Anemia has been reported to be the only clinical presentation in another reported small bowel adenocarcinoma, which takes two years and four colonoscopies to arrive at the diagnosis [10]. Fallah et al. reported a jejunum adenocarcinoma occurred in the background of celiac disease presenting with severe anemia, bleeding, nausea and vomiting. Celiac disease was taken granted to be responsible for symptoms, investigation for rarer small small bowel disease was delayed until the fourth emergency admission for hematemesis [11]. In our reported case, positive test results of occult GI bleeding and tumor markers are suggestive for malignancy. The findings of concurrent benign diseases didn’t stop us from further investigations. In a summary, in chronic anemic patients, even benign disease could explain anemia, investigation are helpful to rule out the rare malignancy in mall bowel.

CT, MIR, capsule endoscopy and small bowel endoscopy are common tools to investigate small bowel. CT enteroclysis was reported to have sensitivity of 85–95% for the diagnosis of small bowel tumour, and MRI enteroclysis and capsule endoscopy are slightly more sensitive and specific [8]. Small bowel endoscopy is the most powerful tool plus the advantage of its biopsy option. But it’s not as convenient as the others. In our case, fusion of involved lymph nodes were revealed by contrast enhanced CT and NMR enterography. However, neither of the two image examinations was able to reveal the primary lesion situated at ileum. Neither could distinguish the secondary lymph involvement and primary lymphoma. Our experience suggested that, at least in low differentiated small bowel adenocarcinoma with early lymph invasion, CT and NMR imaging is more sensitive to the involved lymph nodes and metastasis. This might limit their use in screening small bowel adenocarcinoma in its early stage when the primary lesion is small and invasion outside intestinal conduit is not yet visible in the images. Small bowel endoscopy or capsule endoscopy might be superior in screening for primary lesion in small intestinal conduit before surgery in the present case. However capsule endoscopy is contraindicated in subobstruction and thus should be used with caution as restrictive growth and complication of obstruction is common in adenocarcinoma of lower intestine.

Diagnosis before surgery is critical to plan for appropriate surgery procedure. It has been reported that retrieval of 9 and more lymph nodes gives better prognosis [12]. We would have had more lymph nodes retrieved for better prognosis. Biopsy can be carried out under single balloon or double balloon small bowel endoscopy, which makes endoscopy the best choice of examination before surgery. The diagnosis might have established before surgery if small bowel endoscopy had been conducted on our patient before surgery.

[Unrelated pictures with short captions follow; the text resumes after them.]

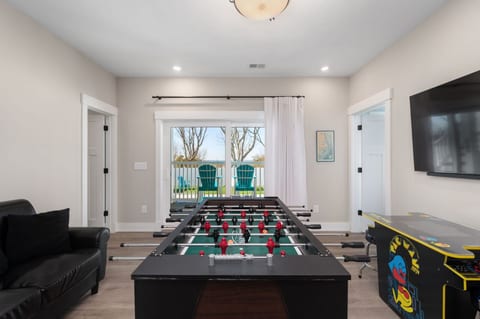 Fun-filled game room w/ comfy seating & space to unwind after a day outdoors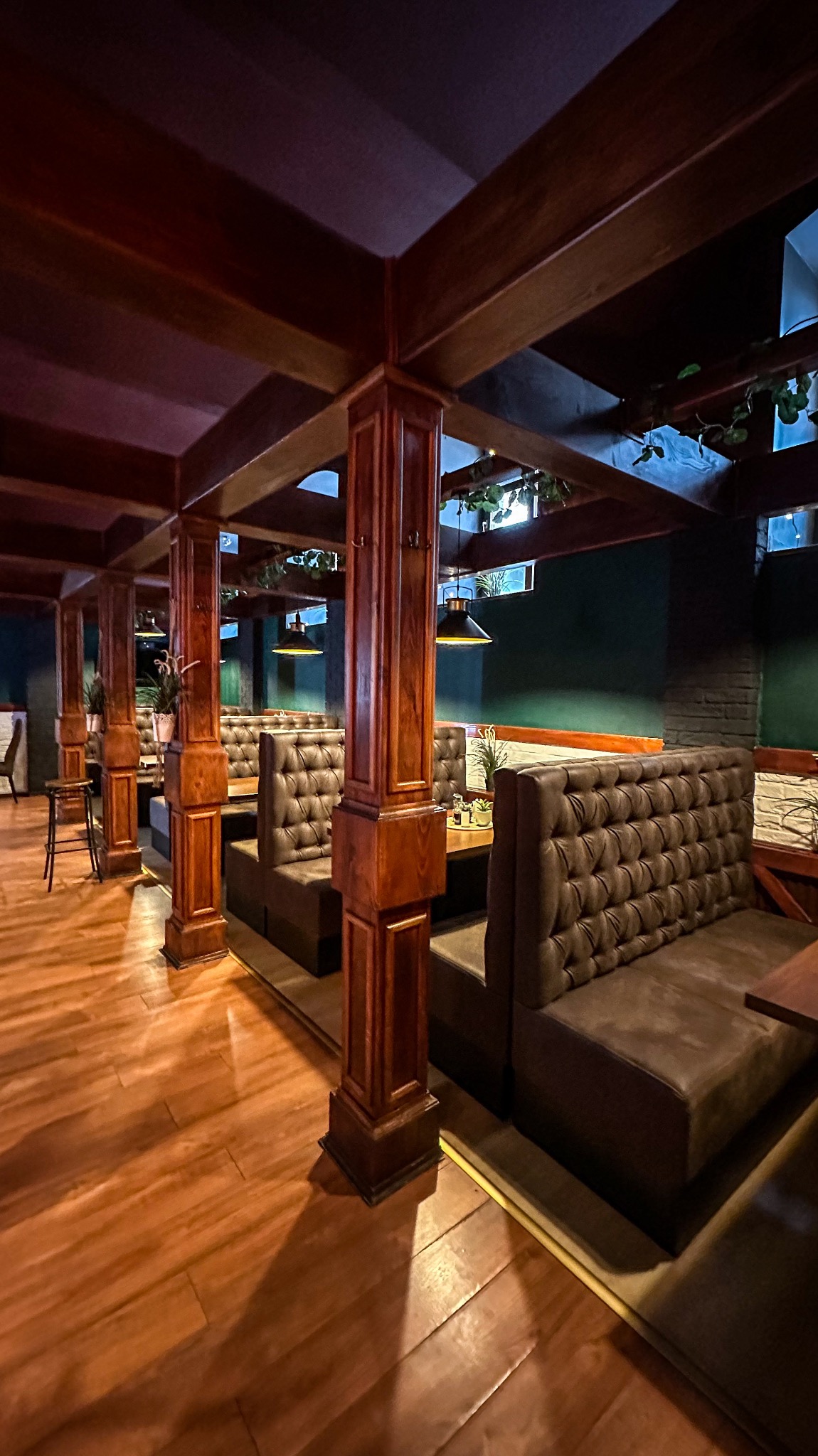 Wnętrze restauracji z rzędami pikowanych, skórzanych kanap w ciemnych odcieniach, oddzielonych drewnianymi kolumnami i belkami stropowymi, oświetlone wiszącymi lampami.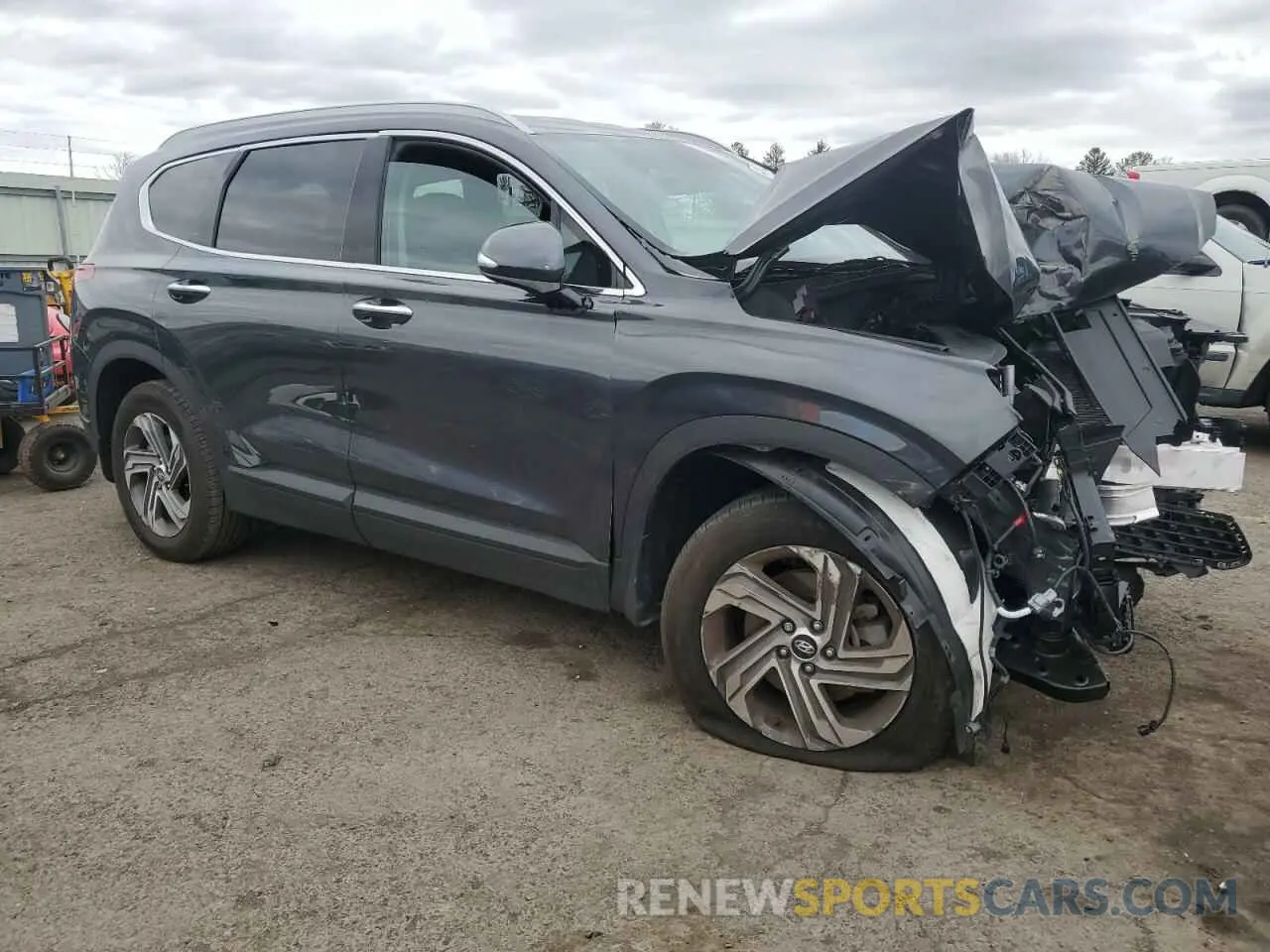 4 fotografías del automóvil dañado 5NMS2DAJ0PH644898 HYUNDAI SANTA FE 2023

Due to the rarity of this disease, few reports have been published on the association of tumor-markers with small bowel adenocarcinoma. CEA and CA 19-9 levels have been reported to be elevated in about 40% of small bowel adenocarcinoma patients [4]. They were within normal range in this reported case. Instead, tumor markers CYFRA 21-1 and CA 72-4 were elevated. Both markers are reported to be related to stomach cancer. In a study on the association of 5 tumor markers with stomach cancer, CYFRA 21-1 was the most sensitive one, and CA 72-4 are significantly related to lymph node involvement, metastasis or stage [13,14]. Those markers elevations are often seen in non-specific scenario of malignancy, inflammation, or in smokers. There are no data yet on CYFRA and CA 72-4 association with small bowel adenocarcinoma. Investigation of those tumor markers profile in small bowel adenocarcinoma cases might contribute to early detections of this rare malignancy.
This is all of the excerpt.